The line with "KANATA（カナタ）KANATA (カナタ) ナンバリングウールニットジャケット", the line with "Snow-covered tree with LED lights, 35 in 3", and all lines between them in the material below: return these exactly, and no others.

PROVIDED MATERIAL Start Marker

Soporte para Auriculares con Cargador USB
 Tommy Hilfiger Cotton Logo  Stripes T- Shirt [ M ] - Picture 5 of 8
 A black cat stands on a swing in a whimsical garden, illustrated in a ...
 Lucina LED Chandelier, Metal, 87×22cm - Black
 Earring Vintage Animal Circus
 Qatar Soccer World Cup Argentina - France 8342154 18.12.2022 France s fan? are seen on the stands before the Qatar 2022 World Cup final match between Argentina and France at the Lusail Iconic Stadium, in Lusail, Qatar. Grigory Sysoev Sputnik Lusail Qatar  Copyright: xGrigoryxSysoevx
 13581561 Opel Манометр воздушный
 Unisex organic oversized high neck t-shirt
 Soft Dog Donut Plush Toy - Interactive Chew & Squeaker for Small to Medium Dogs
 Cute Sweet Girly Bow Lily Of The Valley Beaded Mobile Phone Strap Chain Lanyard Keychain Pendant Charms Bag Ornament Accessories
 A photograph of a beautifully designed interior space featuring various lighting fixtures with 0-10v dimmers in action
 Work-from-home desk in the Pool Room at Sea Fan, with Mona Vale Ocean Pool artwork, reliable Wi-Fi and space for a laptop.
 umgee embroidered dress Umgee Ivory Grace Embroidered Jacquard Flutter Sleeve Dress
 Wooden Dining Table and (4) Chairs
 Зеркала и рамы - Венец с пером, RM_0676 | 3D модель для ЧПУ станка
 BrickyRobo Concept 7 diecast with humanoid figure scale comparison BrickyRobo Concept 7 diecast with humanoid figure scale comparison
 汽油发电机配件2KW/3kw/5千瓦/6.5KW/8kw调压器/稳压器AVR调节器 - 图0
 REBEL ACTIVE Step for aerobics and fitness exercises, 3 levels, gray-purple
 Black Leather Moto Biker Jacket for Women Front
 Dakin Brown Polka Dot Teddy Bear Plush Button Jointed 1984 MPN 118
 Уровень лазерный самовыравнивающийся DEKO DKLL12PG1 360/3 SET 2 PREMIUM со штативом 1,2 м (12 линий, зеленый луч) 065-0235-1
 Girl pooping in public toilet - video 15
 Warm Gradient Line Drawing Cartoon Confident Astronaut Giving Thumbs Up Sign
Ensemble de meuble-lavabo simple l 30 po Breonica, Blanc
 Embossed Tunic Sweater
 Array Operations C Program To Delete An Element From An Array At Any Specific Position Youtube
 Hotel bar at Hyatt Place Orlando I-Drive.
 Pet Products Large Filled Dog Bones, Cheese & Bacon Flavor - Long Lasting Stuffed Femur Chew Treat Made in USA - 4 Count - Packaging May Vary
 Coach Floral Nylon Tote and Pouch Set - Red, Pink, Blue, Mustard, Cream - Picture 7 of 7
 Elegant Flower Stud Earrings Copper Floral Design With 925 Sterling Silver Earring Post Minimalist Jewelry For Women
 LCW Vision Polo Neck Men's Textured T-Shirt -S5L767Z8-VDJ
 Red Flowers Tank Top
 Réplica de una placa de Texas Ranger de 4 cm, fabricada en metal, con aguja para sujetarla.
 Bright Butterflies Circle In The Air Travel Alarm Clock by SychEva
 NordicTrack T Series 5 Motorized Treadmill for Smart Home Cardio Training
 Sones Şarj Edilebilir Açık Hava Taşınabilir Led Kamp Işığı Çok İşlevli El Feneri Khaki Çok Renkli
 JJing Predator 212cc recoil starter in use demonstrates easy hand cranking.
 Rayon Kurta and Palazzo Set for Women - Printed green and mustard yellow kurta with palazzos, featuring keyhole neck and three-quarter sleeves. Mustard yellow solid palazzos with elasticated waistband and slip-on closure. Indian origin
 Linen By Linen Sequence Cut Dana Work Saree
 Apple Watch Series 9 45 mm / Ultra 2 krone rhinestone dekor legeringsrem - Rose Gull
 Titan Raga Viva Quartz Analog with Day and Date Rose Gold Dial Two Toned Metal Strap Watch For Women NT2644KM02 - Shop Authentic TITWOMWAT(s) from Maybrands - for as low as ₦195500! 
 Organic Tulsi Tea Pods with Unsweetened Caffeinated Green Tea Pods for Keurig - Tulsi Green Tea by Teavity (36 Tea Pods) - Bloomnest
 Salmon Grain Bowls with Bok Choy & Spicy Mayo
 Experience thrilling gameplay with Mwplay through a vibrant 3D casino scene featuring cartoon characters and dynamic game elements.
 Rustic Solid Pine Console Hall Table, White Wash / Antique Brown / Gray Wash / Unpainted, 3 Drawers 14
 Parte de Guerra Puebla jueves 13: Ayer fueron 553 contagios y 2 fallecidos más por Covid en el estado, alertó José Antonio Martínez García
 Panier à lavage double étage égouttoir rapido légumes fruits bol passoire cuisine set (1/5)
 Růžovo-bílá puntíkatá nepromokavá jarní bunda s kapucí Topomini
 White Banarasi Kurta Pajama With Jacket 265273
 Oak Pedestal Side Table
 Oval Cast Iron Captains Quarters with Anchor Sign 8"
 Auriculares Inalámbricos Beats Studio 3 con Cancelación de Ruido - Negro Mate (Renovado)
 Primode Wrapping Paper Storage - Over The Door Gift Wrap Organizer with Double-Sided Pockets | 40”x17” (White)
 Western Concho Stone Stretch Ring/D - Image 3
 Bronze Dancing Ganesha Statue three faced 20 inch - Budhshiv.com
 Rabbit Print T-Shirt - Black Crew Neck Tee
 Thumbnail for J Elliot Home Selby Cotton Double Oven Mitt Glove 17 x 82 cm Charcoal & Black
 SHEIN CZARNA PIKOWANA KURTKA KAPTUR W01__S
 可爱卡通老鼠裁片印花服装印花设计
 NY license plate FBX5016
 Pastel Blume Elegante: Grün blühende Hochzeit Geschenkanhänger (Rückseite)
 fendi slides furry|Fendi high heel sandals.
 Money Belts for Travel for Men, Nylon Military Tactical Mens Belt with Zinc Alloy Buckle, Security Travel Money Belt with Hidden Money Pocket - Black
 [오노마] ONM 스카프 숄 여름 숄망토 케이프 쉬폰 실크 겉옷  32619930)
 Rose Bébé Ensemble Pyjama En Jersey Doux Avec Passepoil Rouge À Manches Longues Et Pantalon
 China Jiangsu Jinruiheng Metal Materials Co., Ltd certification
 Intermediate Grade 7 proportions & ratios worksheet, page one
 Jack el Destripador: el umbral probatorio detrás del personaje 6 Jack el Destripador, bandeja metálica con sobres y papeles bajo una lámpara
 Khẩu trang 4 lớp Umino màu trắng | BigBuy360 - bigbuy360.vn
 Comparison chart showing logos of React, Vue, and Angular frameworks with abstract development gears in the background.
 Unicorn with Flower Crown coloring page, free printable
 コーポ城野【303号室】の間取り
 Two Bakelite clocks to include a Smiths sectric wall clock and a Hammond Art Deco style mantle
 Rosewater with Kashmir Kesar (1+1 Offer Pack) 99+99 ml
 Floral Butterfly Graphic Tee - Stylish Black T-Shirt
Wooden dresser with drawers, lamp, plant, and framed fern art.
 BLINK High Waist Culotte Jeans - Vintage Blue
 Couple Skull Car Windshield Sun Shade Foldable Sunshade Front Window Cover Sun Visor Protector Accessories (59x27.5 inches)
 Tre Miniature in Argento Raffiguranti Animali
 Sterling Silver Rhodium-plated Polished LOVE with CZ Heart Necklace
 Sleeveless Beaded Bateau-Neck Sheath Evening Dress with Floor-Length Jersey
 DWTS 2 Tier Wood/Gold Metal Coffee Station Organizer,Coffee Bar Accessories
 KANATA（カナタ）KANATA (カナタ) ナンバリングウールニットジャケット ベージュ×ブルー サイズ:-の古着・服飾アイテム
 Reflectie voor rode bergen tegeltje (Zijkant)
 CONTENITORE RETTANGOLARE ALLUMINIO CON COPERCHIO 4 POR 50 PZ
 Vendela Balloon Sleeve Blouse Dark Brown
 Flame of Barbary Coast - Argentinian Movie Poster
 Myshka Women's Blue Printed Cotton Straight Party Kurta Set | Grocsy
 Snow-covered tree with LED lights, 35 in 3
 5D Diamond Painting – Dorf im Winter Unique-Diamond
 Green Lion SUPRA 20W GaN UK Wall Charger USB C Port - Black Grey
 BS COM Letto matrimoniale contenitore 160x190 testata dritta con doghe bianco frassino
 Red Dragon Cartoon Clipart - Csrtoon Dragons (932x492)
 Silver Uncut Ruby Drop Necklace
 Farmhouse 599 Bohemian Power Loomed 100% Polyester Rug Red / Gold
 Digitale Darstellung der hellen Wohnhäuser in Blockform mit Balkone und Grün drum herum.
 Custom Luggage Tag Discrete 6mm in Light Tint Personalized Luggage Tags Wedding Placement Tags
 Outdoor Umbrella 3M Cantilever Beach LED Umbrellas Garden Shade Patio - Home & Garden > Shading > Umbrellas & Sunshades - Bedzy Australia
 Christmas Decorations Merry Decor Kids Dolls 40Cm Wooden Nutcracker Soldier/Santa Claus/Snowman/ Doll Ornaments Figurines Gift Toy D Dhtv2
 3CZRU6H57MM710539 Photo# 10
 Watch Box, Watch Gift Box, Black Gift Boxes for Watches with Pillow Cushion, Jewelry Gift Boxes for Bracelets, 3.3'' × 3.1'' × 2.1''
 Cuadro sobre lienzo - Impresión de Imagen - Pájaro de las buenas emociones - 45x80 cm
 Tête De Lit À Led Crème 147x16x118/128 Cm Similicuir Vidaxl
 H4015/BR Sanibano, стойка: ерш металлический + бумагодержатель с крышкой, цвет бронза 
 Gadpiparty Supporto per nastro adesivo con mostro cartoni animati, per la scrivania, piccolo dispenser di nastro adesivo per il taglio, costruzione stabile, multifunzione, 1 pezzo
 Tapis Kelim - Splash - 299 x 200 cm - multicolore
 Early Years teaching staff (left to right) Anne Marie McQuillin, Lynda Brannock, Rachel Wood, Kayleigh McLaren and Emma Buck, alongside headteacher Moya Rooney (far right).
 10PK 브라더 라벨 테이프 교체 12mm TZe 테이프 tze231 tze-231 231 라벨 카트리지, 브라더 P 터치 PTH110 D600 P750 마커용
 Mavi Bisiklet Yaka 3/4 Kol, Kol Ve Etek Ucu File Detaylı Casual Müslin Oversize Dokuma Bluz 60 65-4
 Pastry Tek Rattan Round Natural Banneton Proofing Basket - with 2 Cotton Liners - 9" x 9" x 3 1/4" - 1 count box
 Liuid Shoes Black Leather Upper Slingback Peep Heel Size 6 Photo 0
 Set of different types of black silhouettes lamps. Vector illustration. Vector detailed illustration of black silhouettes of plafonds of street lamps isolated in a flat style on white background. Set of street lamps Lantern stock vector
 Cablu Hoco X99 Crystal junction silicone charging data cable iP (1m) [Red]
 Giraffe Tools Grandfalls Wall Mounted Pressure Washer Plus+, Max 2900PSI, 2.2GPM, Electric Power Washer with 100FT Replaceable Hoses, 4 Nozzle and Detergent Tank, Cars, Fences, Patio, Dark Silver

PROVIDED MATERIAL End Marker

▶ _ANSWER BOX_:
 KANATA（カナタ）KANATA (カナタ) ナンバリングウールニットジャケット ベージュ×ブルー サイズ:-の古着・服飾アイテム
 Reflectie voor rode bergen tegeltje (Zijkant)
 CONTENITORE RETTANGOLARE ALLUMINIO CON COPERCHIO 4 POR 50 PZ
 Vendela Balloon Sleeve Blouse Dark Brown
 Flame of Barbary Coast - Argentinian Movie Poster
 Myshka Women's Blue Printed Cotton Straight Party Kurta Set | Grocsy
 Snow-covered tree with LED lights, 35 in 3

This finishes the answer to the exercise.